1. Hi Guys,

Just wondering if there are any resident experts on floating point representation around these parts? I've got a few queries regarding it (it's taking a while to absorb into my brain) so hoping there are some folks around here who could assist.

2.

3. Ask your question. If someone reads it and knows the answer, they'll respond. Generally much easier to do that than to ask if anyone is an expert, as most will ignore such questions.

4. It's very likely that I can help you, since I answer that kind of question in the Help Lab here fairly often. (I assume you've read the homework policy though.)
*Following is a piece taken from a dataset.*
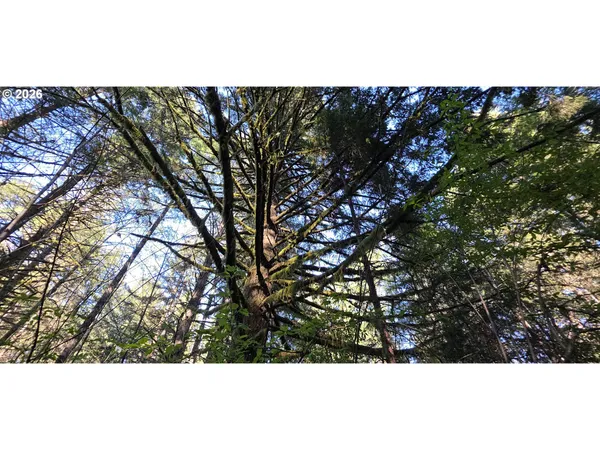 $249,500 | Southwest Tanner Creek Road, Gaston, OR 97119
5. Originally Posted by MagiMaster
It's very likely that I can help you, since I answer that kind of question in the Help Lab here fairly often. (I assume you've read the homework policy though.)
I have, thanks for pointing it out. I won't be asking for an answer, just verification that my understanding of the method is correct.

OK, if we're using standard 32-bit IEEE Standard 754 representation, we've got 1 bit for the sign, 8 bits exponent, 23 bits mantissa.

My query is the exponent is always added to 127 correct? So if we have 1.011 x 2^14, then the exponent is 14 + 127 = 141 = binary form of 141 in the 8 bits of the exponent. And the sign bit is always 1. Just want to be sure I understand this, the textbook is a little cryptic.

6. Yeah, you've got the exponent right, but the sign bit isn't always 1. It always takes up 1 bit, but its value depends on whether the represented number is positive or negative.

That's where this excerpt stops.